Aug 19, 2006 01:05
It's already 1:05 in the morning. I have the weirdest sleeping pattern.
Today was an aukward day. I woke up. Took a shower. Cleaned. Went to a party. Came home.
It was more generic than weird, really. But.. I've just been thinking.
Have you ever thought of how people are sometimes much happier not knowing, than knowing? I have to admit (and hate to), that sometimes after hearing something... especially something I have no control over to change, I find myself wondering if I would have been better off knowing. It's strange, but a human phenomenon. We CRAVE the receipt of the information, but no sooner we hear it, we wish we hadn't. It's crazy, but true. We humans are never sure of what we want in life, yet-- even once we've got it, we aren't even sure it's what we wanted in the first place. Ironic, isnt it?
But with this whole.. "Ignorance is Bliss" shit, it brings up another conflict...

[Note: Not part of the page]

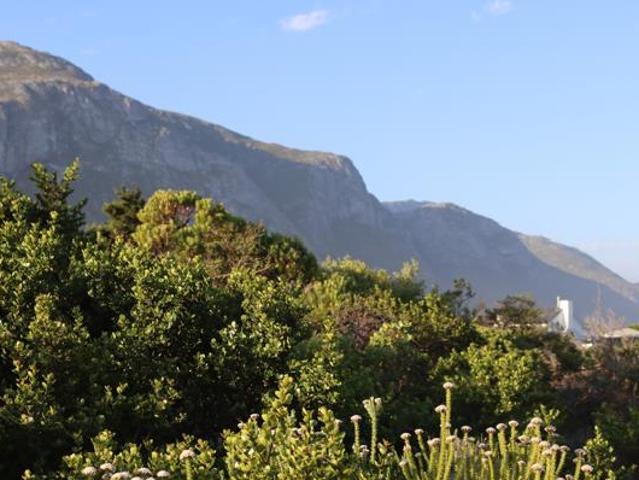 1 387 m² Land available in Bettys Bay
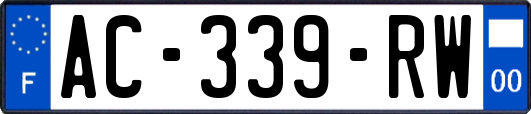 AC-339-RW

How would you rather live life?
Finding happiness in a blind lie?
or...
Finding the truth and buring in it's honesty?
I mean, I keep hoping I'll wake up one day and suddenly know it all.. know some 'cosmic truth' that will help me with this concept of life that everyone else was born with, but I have to learn. Life is just like solving a puzzle.. I keep hoping something will let me know the next peice.
And even then, what if there is no truth? Nothing to believe in? What if we are all just put here, and when our internal clock runs out, that's it. Game over. No promises of an afterlife complete with the golden gates and the feeling of being content. No home to go to. Just nothing. When you die that's it. Will it really matter what you did when you were here? Does it matter if you were good or bad? If people hated or liked you? Or.. even if you did well, and made something of yourself?
I have this constant feel of nostalgia. There is no concept of home for me, I just can't place my shit anywhere and call it safe, sustained. I need that place, and I suppose I'll keep on searching until I find it.
I've already passed the point in life when I realize that I don't know everything, and that's the way it's supposed to be. Measuring intellect is like.. determining how much the dollar is worth. It's up to someone else, and it's not definate. Times change, and people move on.
It just scares the living hell out of me.